**TASK ITEM:** Would you write out the full listing exactly, without any pictures?

**GIVEN MATERIAL:**
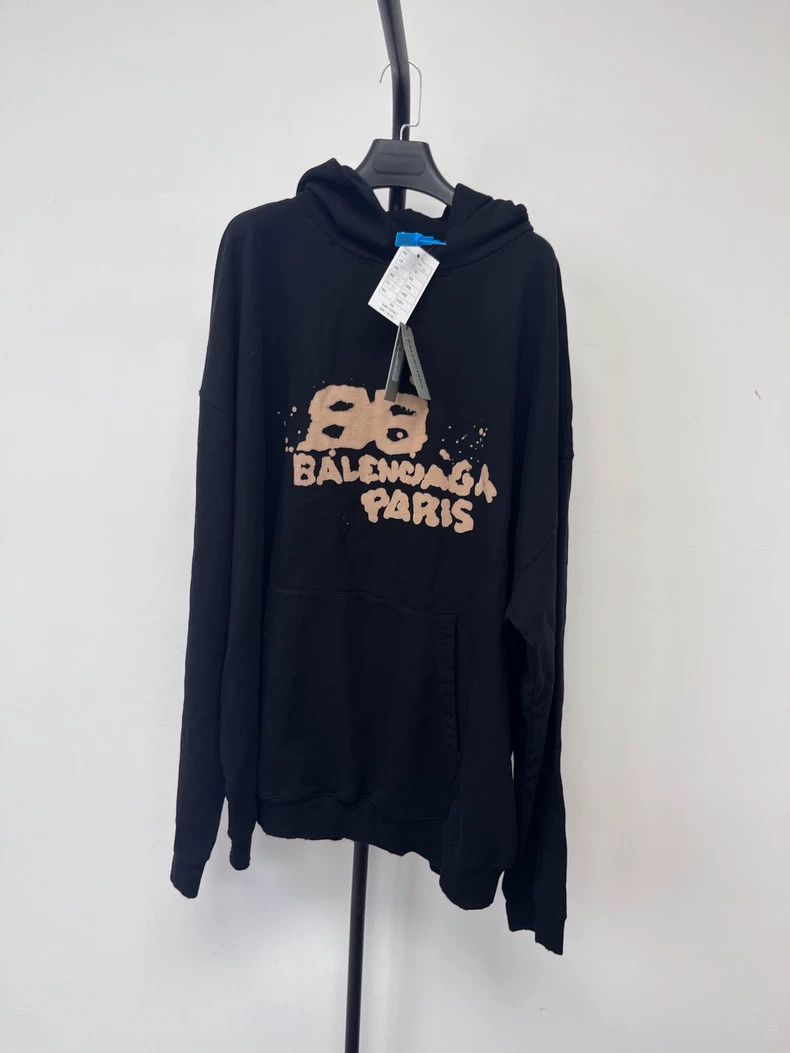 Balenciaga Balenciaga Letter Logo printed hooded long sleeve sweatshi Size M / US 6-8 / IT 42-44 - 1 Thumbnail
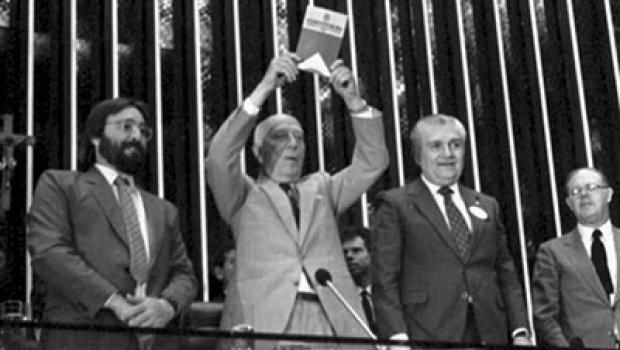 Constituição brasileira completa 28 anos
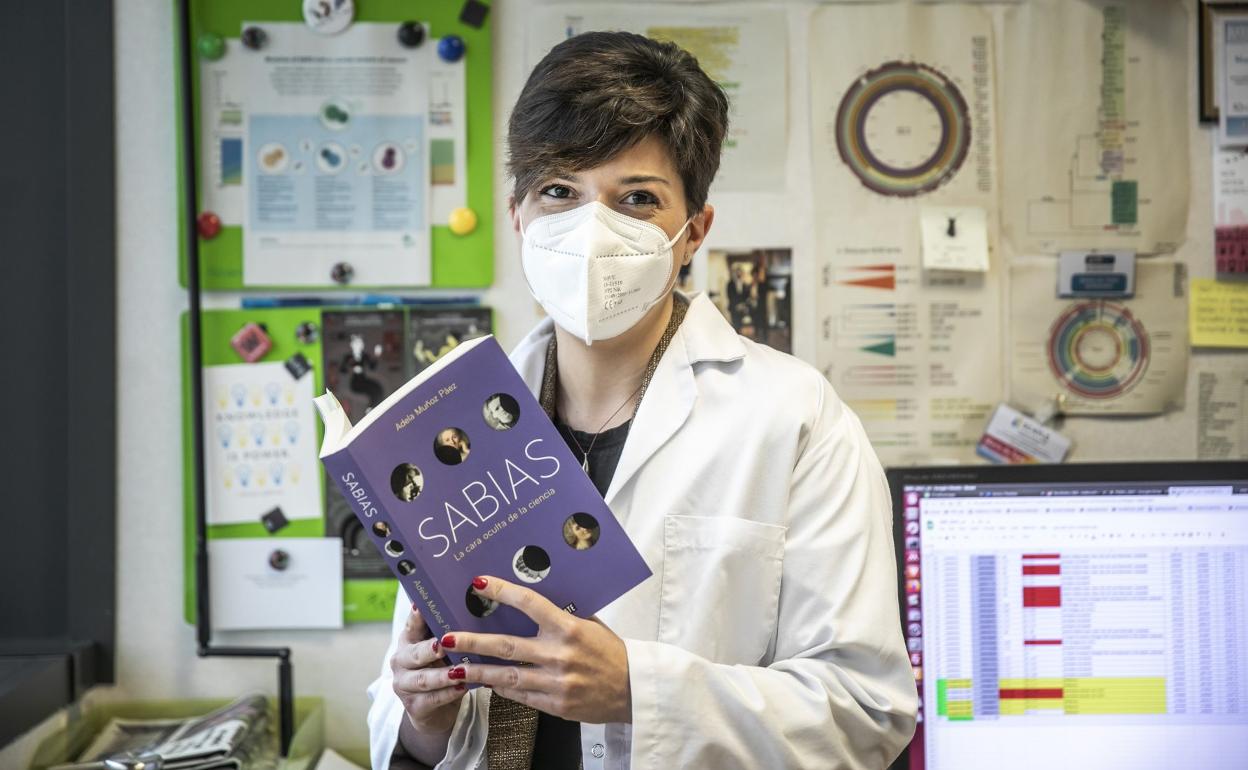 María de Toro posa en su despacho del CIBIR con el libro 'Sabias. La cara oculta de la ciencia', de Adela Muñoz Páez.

**RESULT BELOW:**
 Balenciaga Balenciaga Letter Logo printed hooded long sleeve sweatshi Size M / US 6-8 / IT 42-44 - 1 Thumbnail
 Constituição brasileira completa 28 anos
 María de Toro posa en su despacho del CIBIR con el libro 'Sabias. La cara oculta de la ciencia', de Adela Muñoz Páez.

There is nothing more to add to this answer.